### Task
No pictures belong in the copy, but every line of the material below must be reproduced exactly.

** Data extract follows **

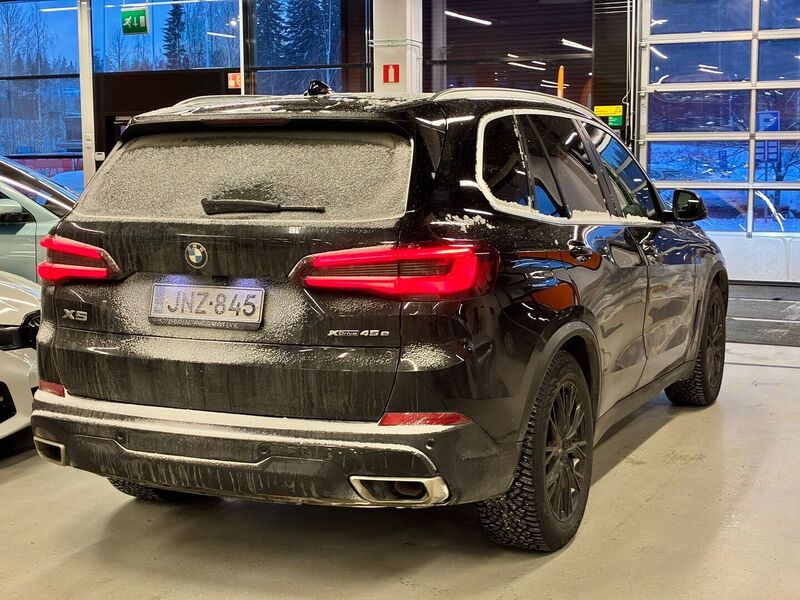 BMW X5 vaihtoauto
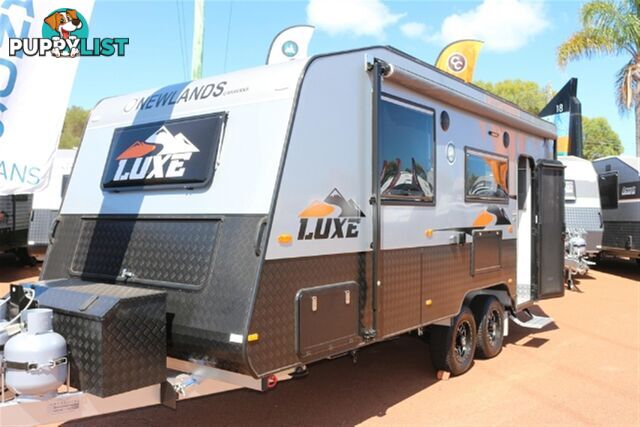 2023 NEWLANDS LUXE AAP 628 COMP CARAVAN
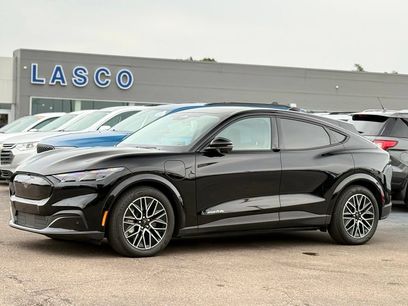 Used 2025 Ford Mustang Mach-E Premium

** End of Data extract **

### Problem solution
 BMW X5 vaihtoauto
 2023 NEWLANDS LUXE AAP 628 COMP CARAVAN
 Used 2025 Ford Mustang Mach-E Premium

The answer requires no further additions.